Ahli Pertambangan: Tidak Boleh Ada Istilah Merintangi, Ketika Ada Pihak Menyerobot IUP
The Jambi Times, JAKARTA | Sidang dugaan kriminalisasi terhadap dua karyawan PT. Wana Kencana Mineral (WKM), Awwab Hafidz (Kepala Teknik Tambang/KTT PT.
WKM) dan Marsel Bialembang (Mining Surveyor PT. WKM), kembali digelar di Pengadilan Negeri (PN) Jakarta Pusat, pada Rabu (29/10/2025).
Dalam sidang kali ini, Majelis Hakim mendengarkan keterangan dari dua saksi, yakni, saksi ahli pertambangan, Prof.
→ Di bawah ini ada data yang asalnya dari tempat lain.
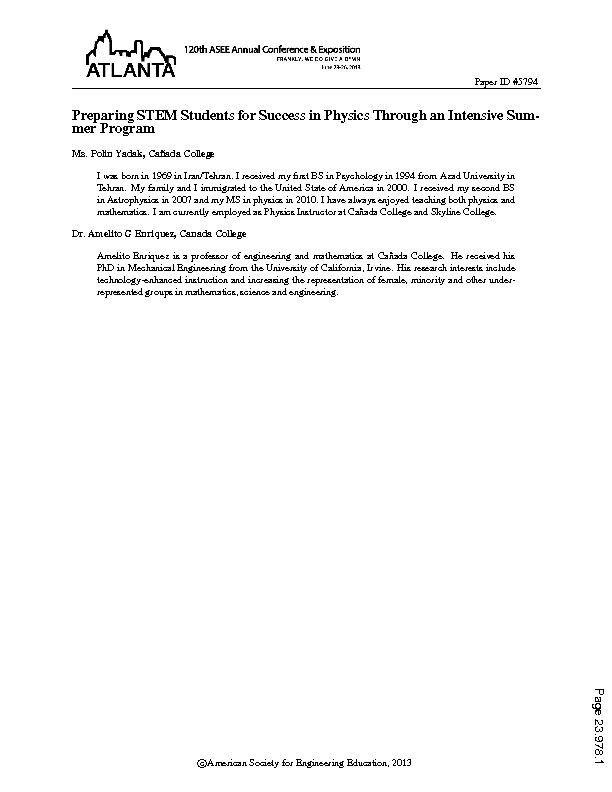 [PDF] preparing-stem-students-for-success-in-physics-through  - Asee peer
Dr. Abrar Saleng (Guru Besar Hukum Pertambangan Universitas Hasanuddin/Unhas) dan saksi fakta, Budi Pramono (Manajer Eksternal PT. WKM).
Menurut Koordinator Tim Kuasa Hukum Awwab dan Marsel, Prof. Dr. Otto Cornelis Kaligis, S.H., M.H., mengatakan, keterangan kedua saksi di persidangan, semakin menguatkan posisi hukum kedua kliennya, sebagai pihak yang tidak tepat dijadikan terdakwa.
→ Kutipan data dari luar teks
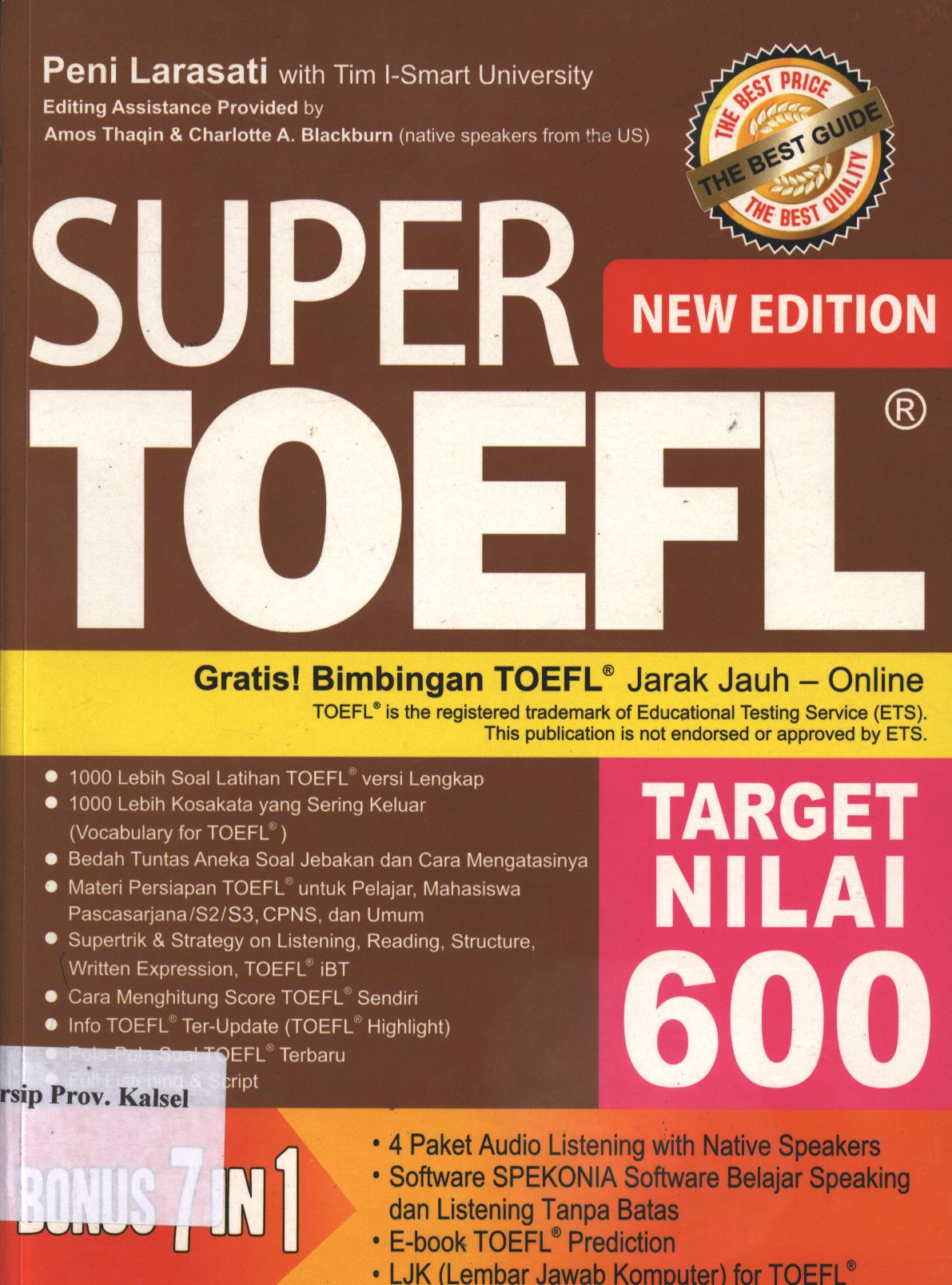 Cover Super Toefl / Pani Larasati with Tim I-Smart University ; penyunting, Lisa Esti Puji Hartanti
Dalam sidang, Abrar dengan tegas mengatakan, dalam dunia pertambangan, seorang Kepala Teknik Tambang (KTT) bertanggung jawab dan berkewajiban penuh
untuk menjaga wilayah pertambangannya, sesuai Izin Usaha Pertambangan (IUP) yang dimiliki perusahaannya, dari segala bentuk penyerobotan dan illegal mining.
“KTT bertanggung jawab menjaga wilayahnya sesuai IUP. Tidak ada istilah KTT menghalangi atau merintangi pelaku penyerobotan tambang,” ujar Abrar.
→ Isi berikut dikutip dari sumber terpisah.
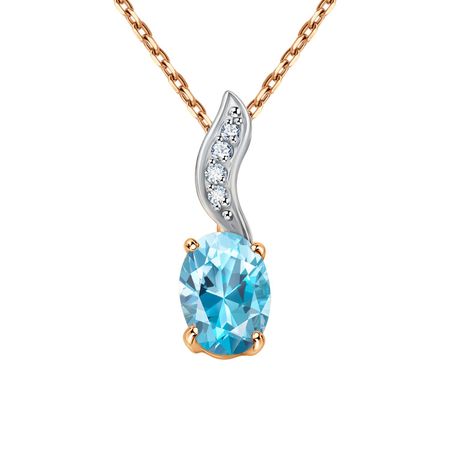 Золотая подвеска с топазом и фианитами с родированием 4790₽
Seperti diketahui, KTT PT. WKM, Awwab Hafidz, dijadikan tersangka berdasarkan laporan dari Hari Aryanto Dharma Putra, selaku Direktur PT. Position,
ke Bareskrim Polri. Awwab dan Marsel dijerat dengan Pasal 162 Jo Pasal 70, Jo Pasal 86F huruf b, Jo Pasal 136 ayat (2) Undang-Undang Nomor 3 Tahun 2020 tentang
Perubahan Atas Undang-Undang Nomor 4 Tahun 2009 tentang Pertambangan Mineral dan Batubara yang diubah dengan Undang-Undang Nomor 6 Tahun 2023 tentang Penetapan Peraturan Pemerintah Pengganti Undang-Undang Nomor 2 Tahun 2022 sebagai Pengganti Undang-Undang Nomor 11 Tahun 2020 tentang Cipta Kerja dan/atau tindak pidana kehutanan sebagaimana dimaksud dalam Pasal 78 ayat (3) Jo Pasal 50 ayat (2) Huruf a Undang-Undang Nomor 41 Tahun 1999 tentang Kehutanan yang diubah dengan Undang-Undang Nomor 6 Tahun 2023 tentang penetapan peraturan Pemerintah Pengganti Undang-Undang Nomor 2 Tahun 2022 sebagai Pengganti Undang-Undang Nomor 11 Tahun 2020 tentang Cipta Kerja.
“Dituduh telah memasang patok di area IUP milik PT. WKM sendiri, padahal pemasangan patok dilakukan, karena mereka hendak melakukan pengamanan di lokasi IUP PT. WKM sendiri. Tujuan pemasangan patok untuk mengamankan lokasinya, dari penyerobotan lahan oleh PT. Position, yang melakukan penambangan liar nikel. Jadi yang seharusnya dipidanakan dan dijadikan tersangka itu PT. Position karena melakukan penambangan liar nikel, dan bukan klien kami,” ujar Kaligis.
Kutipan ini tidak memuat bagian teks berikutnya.